### Problem statement
Find where "Two men standing" appears in the records below, then return that line and every later line exactly, stopping only at the last line.

### Source material
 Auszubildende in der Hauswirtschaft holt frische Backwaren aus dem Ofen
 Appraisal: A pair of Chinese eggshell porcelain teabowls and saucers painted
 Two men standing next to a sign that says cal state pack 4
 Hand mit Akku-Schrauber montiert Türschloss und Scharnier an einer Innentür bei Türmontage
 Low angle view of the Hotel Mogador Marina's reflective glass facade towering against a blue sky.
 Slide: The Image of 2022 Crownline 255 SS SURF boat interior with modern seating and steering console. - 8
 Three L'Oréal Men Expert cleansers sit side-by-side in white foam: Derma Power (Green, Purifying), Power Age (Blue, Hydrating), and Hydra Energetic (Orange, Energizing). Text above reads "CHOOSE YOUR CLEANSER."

### Written answer
 Two men standing next to a sign that says cal state pack 4
 Hand mit Akku-Schrauber montiert Türschloss und Scharnier an einer Innentür bei Türmontage
 Low angle view of the Hotel Mogador Marina's reflective glass facade towering against a blue sky.
 Slide: The Image of 2022 Crownline 255 SS SURF boat interior with modern seating and steering console. - 8
 Three L'Oréal Men Expert cleansers sit side-by-side in white foam: Derma Power (Green, Purifying), Power Age (Blue, Hydrating), and Hydra Energetic (Orange, Energizing). Text above reads "CHOOSE YOUR CLEANSER."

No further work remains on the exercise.